J'ai omis de préciser que le Planning compte dans ses membres deux associations qui assurent aussi l'accueil de jour de femmes victimes de violences. Une de ces structures, implantée à Montauban, nous alertait sur les dangers d'accueillir des victimes de violences dans des structures inadaptées où elles ne se sentent pas du tout en sécurité et dorment très mal. Une des professionnelles me le disait récemment : il faut, dans un premier temps, permettre à ces femmes de se reposer car les violences les épuisent. Charge aux professionnels de prendre le relais, notamment avec les enfants. Le sentiment de sécurité est également très important et participe directement de l'accompagnement d'ensemble.

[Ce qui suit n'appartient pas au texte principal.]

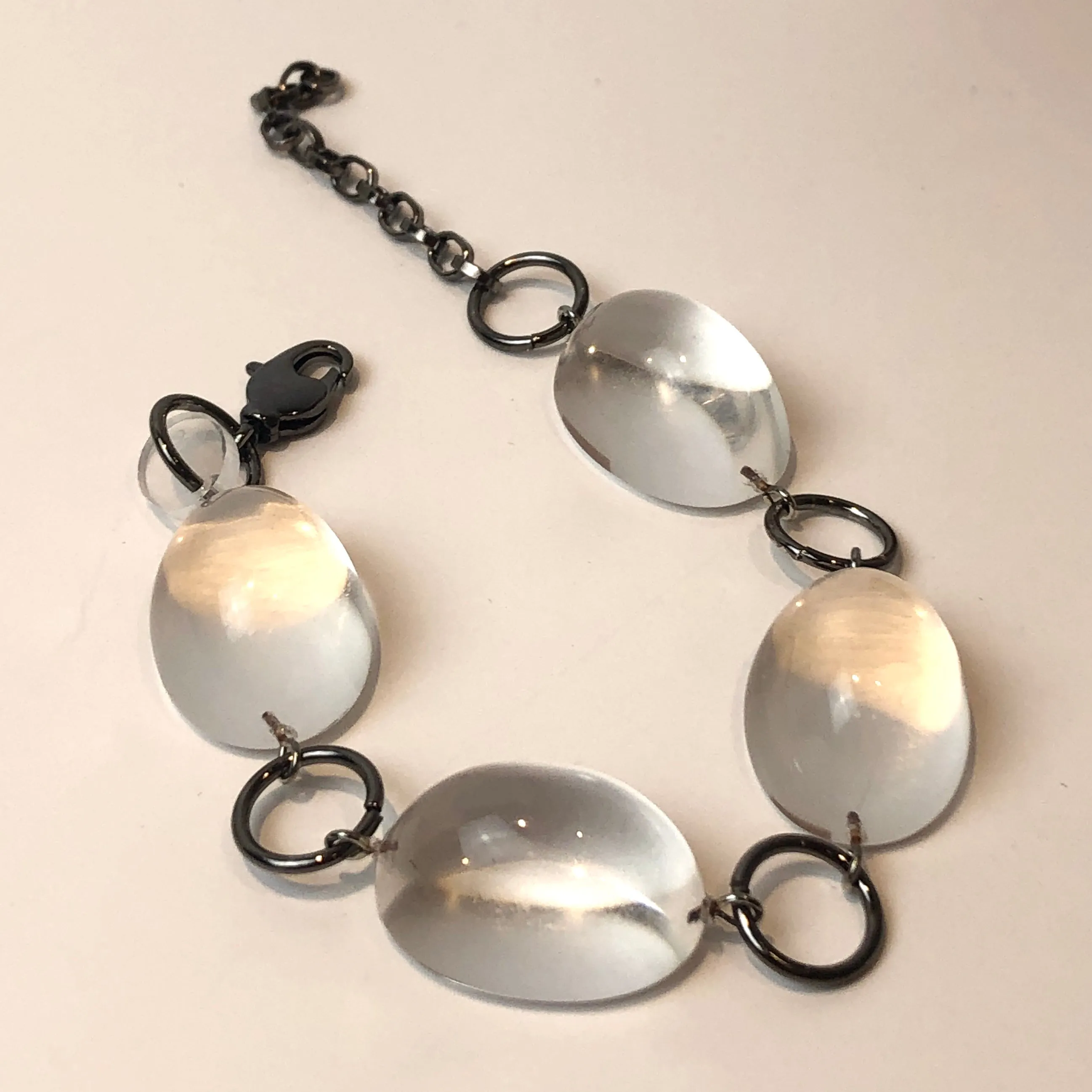 Clear Domed & Dark Metal Bubble Stations Bracelet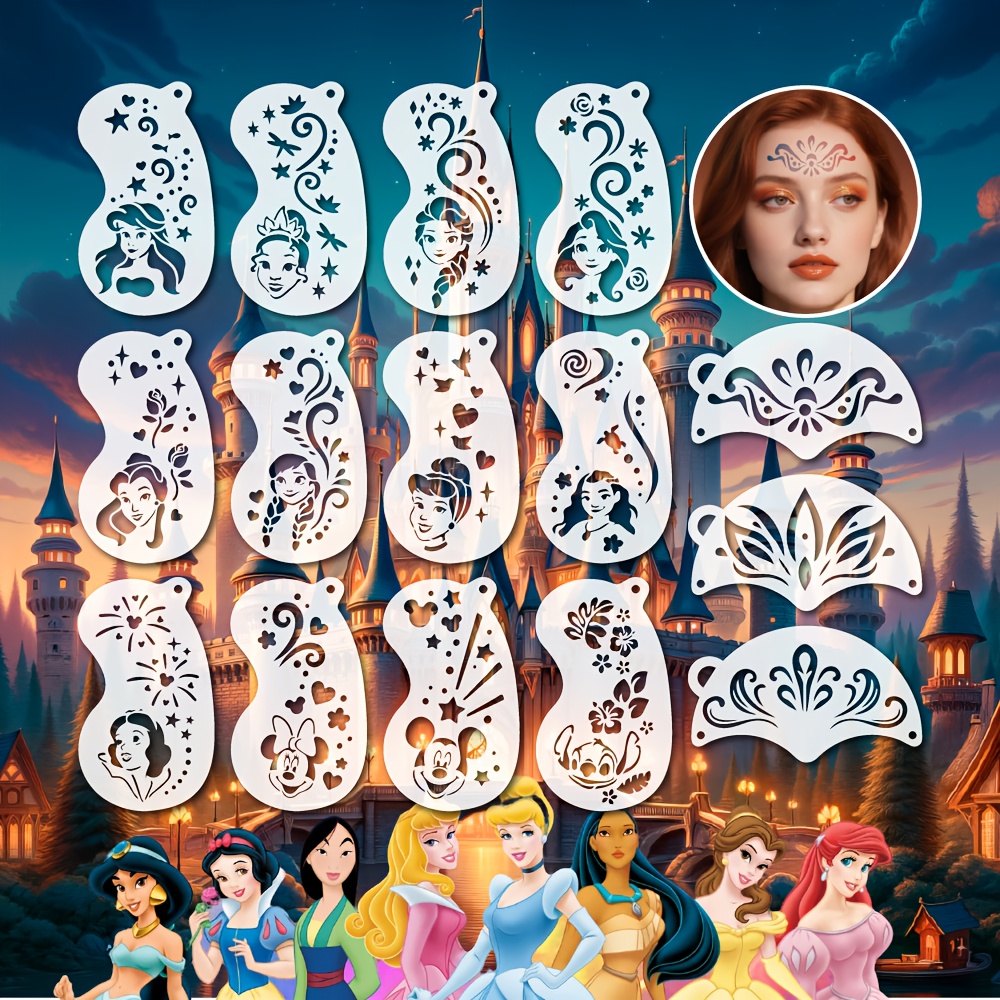 2 Shape Characters Face Painting Stencil For Party Decorations, Tattoo Stencils Reusable, , Stitch, , , , , Cinderella, Template For Fabric, Scrapbooking, Decor And Art Projects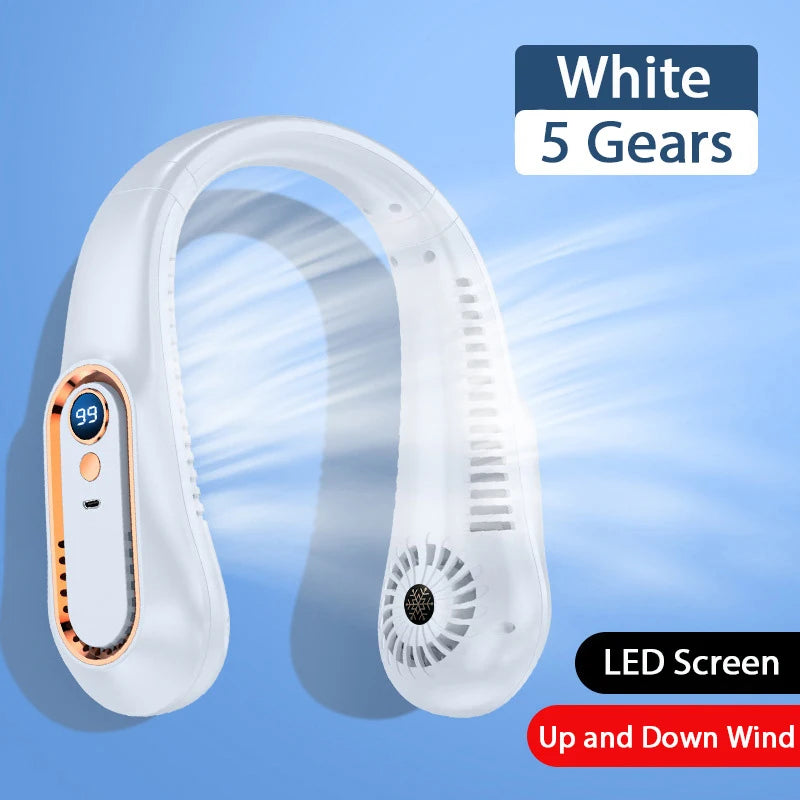 5 Speeds Neck Fan, LED Display, 360° Airflow, Quiet Portable USB Wearable Fan for Travel Office Home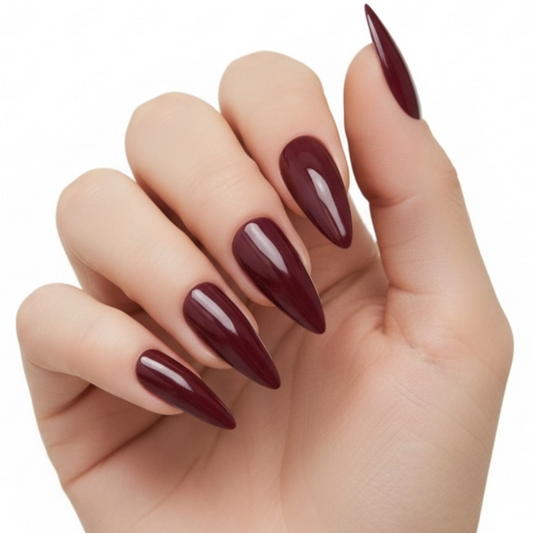 Maroon Magic | Red Burgundy | Glossy | Sharp, Stiletto | Extra Long | Reusable Press On Nails Set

Notre responsabilité est de leur garantir cette sécurité dans les moments de violence qu'elles traversent.
J'ai répondu en partie sur la formation : les formations des professionnels de santé sont quasiment inexistantes et reposent sur le seul volontariat. C'est un sujet très peu traité. Nous avons travaillé avec des médecins généralistes : bien qu'ils soient aux premières loges en termes de dépistage, ils ne sont pas du tout formés. Quand elles existent, ils sont très demandeurs de formations ; encore faut-il qu'elles soient proposées à des moments où ils peuvent se rendre disponibles. La formation pluridisciplinaire que j'évoquais se tenait par exemple entre 20 et 22 heures, faute de quoi les médecins généralistes n'auraient pas pu être présents. C'est la même chose pour les travailleurs sociaux. Dans les formations qui leur sont dédiées, on commence à voir apparaître les violences mais cela reste très dépendant des personnes qui mettent ces formations en oeuvre. Il faut pourtant le faire en formation initiale et en formation continue.
Les femmes nous disent avoir besoin d'être prises en charge sur le long terme mais aussi de ne pas être considérées uniquement comme victimes de violences ; ces femmes sont actrices de leur vie et ne veulent pas être seulement des victimes. Elles ont aussi des désirs, des souhaits et des projets.
En tant qu'association d'éducation populaire, il nous semble important d'accompagner les personnes là où elles veulent aller. Dans les formations, il est déterminant d'insister sur ce point : des femmes peuvent en effet décider de retourner chez elles ; elles ne vont pas quitter le foyer ou se séparer définitivement du conjoint violent dès la première fois. Les professionnels doivent vraiment savoir qu'on peut parfois partir cinq ou six fois de chez soi avant de partir définitivement. Il faut donc proposer un accompagnement sans jugement.
Sur la question de l'hébergement d'urgence, j'ai déjà évoqué les difficultés qui se posent aujourd'hui et l'importance de mieux considérer la possibilité de faire partir le conjoint violent, ce qui évite par exemple les changements d'école quand on a des enfants. Il faut plus généralement poser la question de la sécurité : on sait que les moments de rencontre avec les enfants sont des moments d'une très grande vulnérabilité pour les femmes. Nous avons des remises d'enfants qui, après des situations de violence, ne sont pas faites en présence de professionnels alors qu'il s'agit d'un moment de danger imminent et de grande peur pour les femmes. Il faut le prendre en compte pour elles mais aussi pour les enfants qui le vivent de cette façon-là.
Il faut former les professionnels de la police, de la justice, mais aussi ceux de l'éducation qui sont peu formés sur ces sujets et qui ne se rendent pas bien compte de ces situations ou, quand ils s'en rendent compte, ne savent pas comment les traiter. C'est essentiel dans la prise en charge à la fois des femmes victimes de violences mais aussi dans celle des enfants. Si on arrive à intégrer cet enjeu dans la définition des modes de garde des enfants, nous aurons fait un grand pas en avant.